Valerie now 18-years-old, lost her mother at a tender age and had to live the better part of her life with her father.
Her father relied on menial jobs from nearby plantations or whatever job was available. He would save half of his measly daily wages and spent the other on food, but the savings were not enough to pay her post primary education expenses.
“Many are the days we went without meals and basic necessities. We lived a miserable and appalling life,” says Valerie.
Faced with this, she went to stay with one of her aunties. Unfortunately, due to lack of parental care and guidance during her early teenage life, she got involved in a romantic relationship with a man whom she says gave her ‘everything’. She got pregnant and the man abandoned her.
Her early and unplanned pregnancy stirred shame and stigma from her relatives and peers in the village. She had to seek solace from one of her uncles who also failed to provide for her as well as her newborn baby. The relatives resorted to marrying her off.

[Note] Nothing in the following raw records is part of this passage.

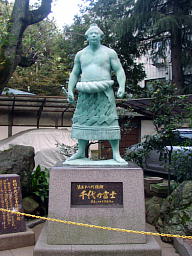 横綱千代の富士像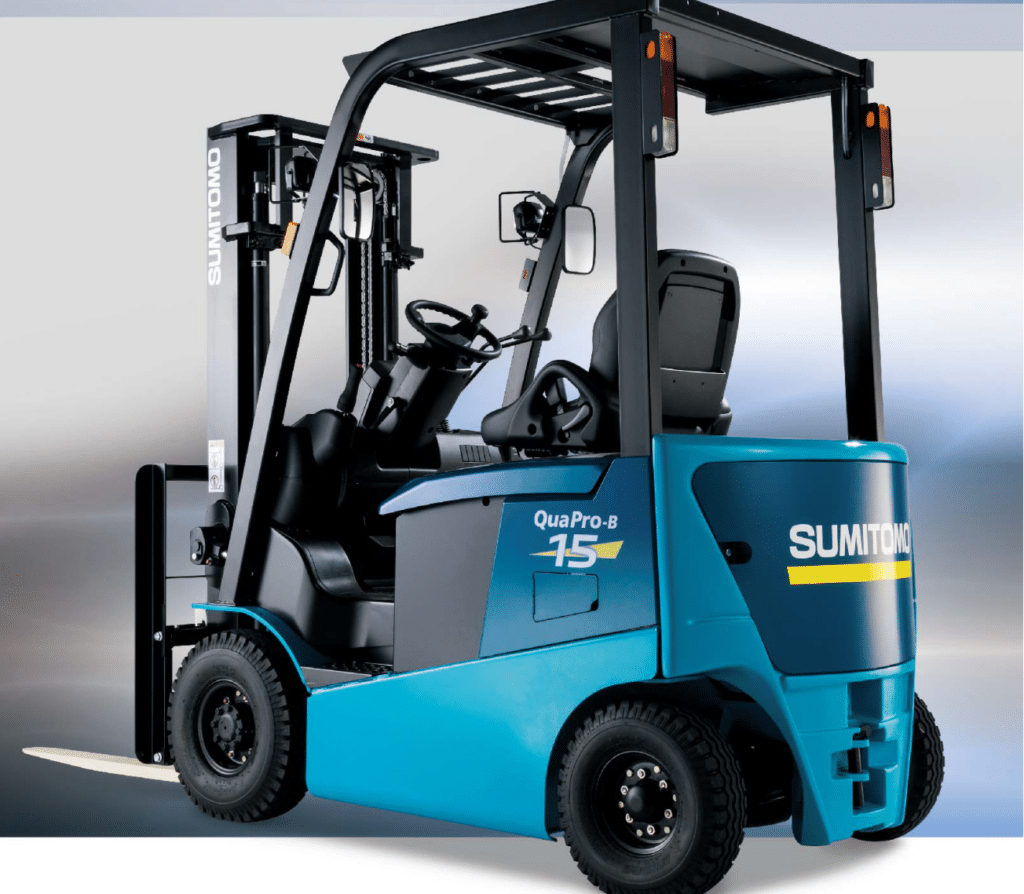 SUMITOMO 住友 QuaPro-B 系列電動平衡重式堆高機原廠型錄代表圖，車身徽章標示 15 代表 1.5 噸機型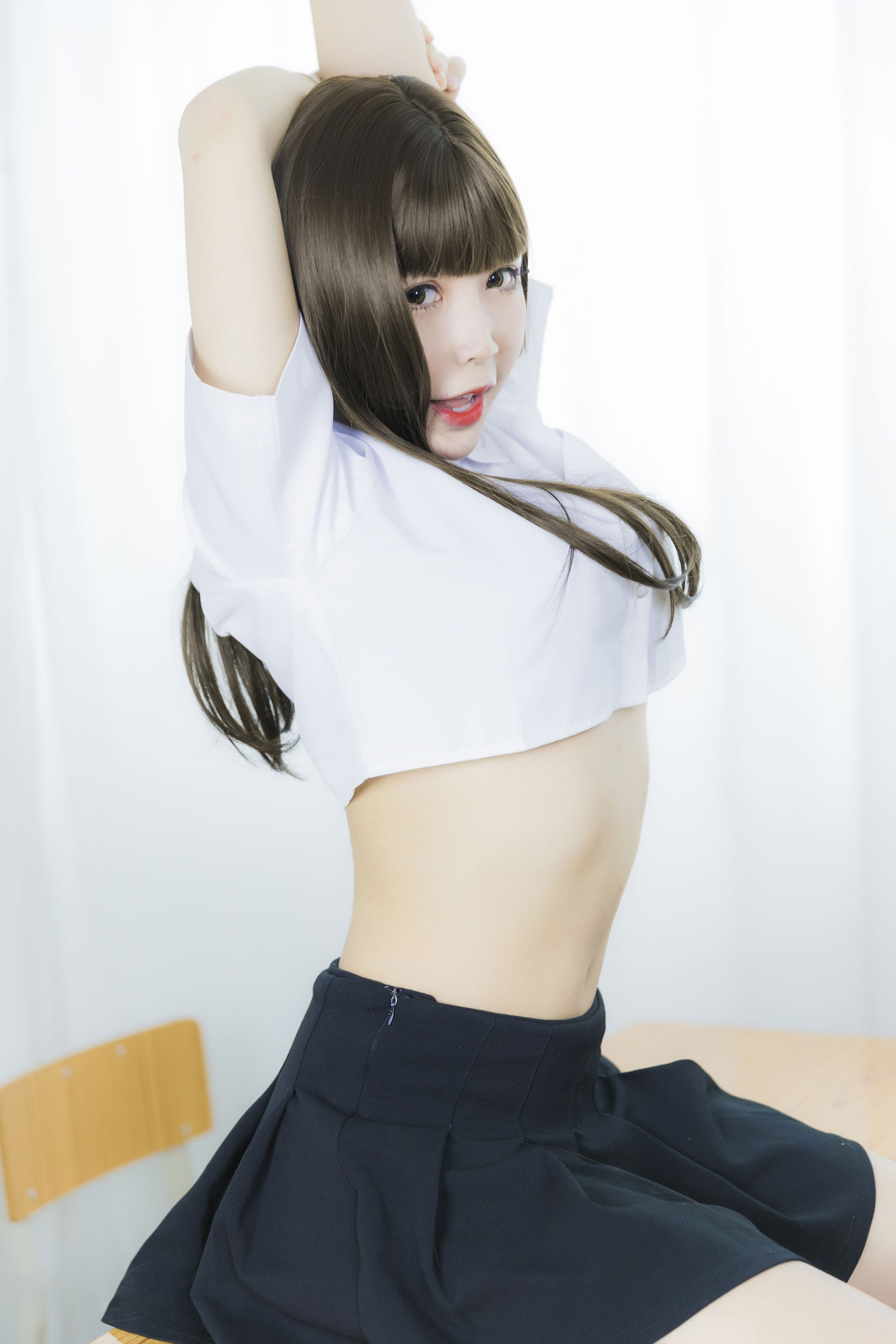 二次元妹子抱走莫子aa 等你下课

Six months into the marriage, her husband fell ill and died.
She was left with no other option but to do odd jobs to take care of her now two children.
Her long endurance would come to an end when she joined DREAMS (Determined, Resilient, Empowered, AIDS-free, Mentored and Safe) program, an ambitious public-private partnership aimed at reducing rates of HIV among adolescent girls and young women (AGYW) in the highest HIV burden countries.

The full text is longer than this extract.